After almost forty years of teaching at the University of Tennessee, Professor David Northington will retire at the end of the 2015–16 academic year. He will celebrate by performing a tribute to Chopin at one of his final concerts on Sunday.

Northington will present “A Waltz Through the Life of Chopin” at 4:00 p.m. on Sunday, November 8, in the Sandra G. Powell Recital Hall at UT’s Natalie L. Haslam Music Center. It is free and open to the public.

“The performance will explore Chopin’s life through his waltzes, with related commentary to significant events and persons in his life, his joys, and his sorrows,” Northington said.

Northington said he thinks punctuating the concert with historical anecdotes about Chopin’s life will help the audience enjoy and appreciate the waltzes even more.

While Northington has played at concert halls in more than thirteen countries around the world, he’s really looking forward to this concert.
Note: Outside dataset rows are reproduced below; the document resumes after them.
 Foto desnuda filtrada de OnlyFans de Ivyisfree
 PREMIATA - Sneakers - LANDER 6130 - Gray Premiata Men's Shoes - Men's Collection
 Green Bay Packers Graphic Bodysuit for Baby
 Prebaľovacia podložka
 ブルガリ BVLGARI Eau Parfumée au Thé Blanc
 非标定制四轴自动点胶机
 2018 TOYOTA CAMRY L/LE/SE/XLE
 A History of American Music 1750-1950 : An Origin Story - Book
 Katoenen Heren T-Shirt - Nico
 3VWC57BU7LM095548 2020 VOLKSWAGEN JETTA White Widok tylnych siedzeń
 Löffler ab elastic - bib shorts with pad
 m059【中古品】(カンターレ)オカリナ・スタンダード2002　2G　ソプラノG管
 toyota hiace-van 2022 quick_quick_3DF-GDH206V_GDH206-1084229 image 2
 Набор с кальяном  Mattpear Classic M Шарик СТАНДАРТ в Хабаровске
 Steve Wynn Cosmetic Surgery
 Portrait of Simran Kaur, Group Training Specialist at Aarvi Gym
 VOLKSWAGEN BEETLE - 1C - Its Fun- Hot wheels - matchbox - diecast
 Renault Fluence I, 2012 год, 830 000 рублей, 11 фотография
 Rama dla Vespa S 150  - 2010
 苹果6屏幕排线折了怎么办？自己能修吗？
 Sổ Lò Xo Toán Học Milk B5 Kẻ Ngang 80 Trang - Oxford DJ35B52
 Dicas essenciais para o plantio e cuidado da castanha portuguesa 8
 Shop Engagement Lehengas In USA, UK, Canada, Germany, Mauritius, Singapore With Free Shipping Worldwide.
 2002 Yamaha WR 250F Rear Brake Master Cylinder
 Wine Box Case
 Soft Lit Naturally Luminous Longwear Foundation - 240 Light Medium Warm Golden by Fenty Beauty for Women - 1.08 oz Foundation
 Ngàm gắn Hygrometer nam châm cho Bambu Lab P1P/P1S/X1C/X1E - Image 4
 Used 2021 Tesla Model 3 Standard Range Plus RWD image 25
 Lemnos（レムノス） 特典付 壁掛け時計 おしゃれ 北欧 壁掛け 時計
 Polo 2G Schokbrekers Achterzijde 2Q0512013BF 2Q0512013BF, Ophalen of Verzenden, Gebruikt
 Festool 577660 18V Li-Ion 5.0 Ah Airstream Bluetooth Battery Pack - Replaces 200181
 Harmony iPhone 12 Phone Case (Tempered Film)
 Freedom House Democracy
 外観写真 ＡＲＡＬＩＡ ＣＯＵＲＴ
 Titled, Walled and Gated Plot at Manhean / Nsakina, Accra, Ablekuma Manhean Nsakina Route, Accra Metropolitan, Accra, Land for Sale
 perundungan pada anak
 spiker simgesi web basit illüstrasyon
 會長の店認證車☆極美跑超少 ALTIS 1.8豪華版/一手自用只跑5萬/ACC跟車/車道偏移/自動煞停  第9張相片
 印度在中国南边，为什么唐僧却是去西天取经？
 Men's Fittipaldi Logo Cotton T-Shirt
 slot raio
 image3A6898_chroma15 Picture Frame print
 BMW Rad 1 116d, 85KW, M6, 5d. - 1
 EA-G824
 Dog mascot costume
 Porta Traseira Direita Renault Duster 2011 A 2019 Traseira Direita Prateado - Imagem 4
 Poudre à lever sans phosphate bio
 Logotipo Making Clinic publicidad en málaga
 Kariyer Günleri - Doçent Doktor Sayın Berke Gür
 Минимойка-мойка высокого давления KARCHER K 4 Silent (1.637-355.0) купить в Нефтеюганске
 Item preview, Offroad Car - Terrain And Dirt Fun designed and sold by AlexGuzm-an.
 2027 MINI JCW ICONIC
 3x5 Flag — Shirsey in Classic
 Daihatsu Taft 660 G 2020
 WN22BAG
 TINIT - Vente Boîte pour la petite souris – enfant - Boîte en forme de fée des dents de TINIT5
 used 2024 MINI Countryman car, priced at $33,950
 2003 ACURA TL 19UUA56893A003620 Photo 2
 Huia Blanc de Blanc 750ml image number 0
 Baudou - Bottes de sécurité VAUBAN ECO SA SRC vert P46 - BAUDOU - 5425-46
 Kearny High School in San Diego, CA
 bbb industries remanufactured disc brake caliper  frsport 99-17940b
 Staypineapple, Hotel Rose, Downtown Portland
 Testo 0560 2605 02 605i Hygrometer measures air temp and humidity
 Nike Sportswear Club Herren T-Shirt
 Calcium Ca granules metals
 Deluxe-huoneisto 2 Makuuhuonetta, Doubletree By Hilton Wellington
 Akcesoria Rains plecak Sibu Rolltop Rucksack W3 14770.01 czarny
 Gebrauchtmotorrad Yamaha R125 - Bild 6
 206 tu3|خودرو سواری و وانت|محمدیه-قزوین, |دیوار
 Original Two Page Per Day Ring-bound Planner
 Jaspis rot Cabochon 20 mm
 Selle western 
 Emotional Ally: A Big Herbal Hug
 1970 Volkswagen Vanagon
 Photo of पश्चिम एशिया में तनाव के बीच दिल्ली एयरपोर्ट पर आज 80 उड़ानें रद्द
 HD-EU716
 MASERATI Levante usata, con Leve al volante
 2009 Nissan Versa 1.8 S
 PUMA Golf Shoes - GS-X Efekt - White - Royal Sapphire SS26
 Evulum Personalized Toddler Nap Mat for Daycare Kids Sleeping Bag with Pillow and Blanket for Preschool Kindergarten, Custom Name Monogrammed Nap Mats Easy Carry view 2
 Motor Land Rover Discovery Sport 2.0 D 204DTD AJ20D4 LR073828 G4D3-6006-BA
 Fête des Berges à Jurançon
“It’s very sentimental for me to play here, at UT, in front of my students. I have so many people, not only university friends and colleagues, but also people in town and wonderful supporters who have attended my concerts throughout the years,” he said. “To be able to play for these friends and people is the most special of all.”

Northington started playing piano at the age of six. His parents always told him that he was a performer and he grew up surrounded by music. His mother was a pianist, his father was a jazz musician who played the saxophone and clarinet, and his uncles all played instruments as well.

“That, combined with my entertaining nature, led me to play the piano,” Northington said.

He discovered his real passion for piano, though, after attending the first Georgia Governor’s Honors Program following his junior year of high school.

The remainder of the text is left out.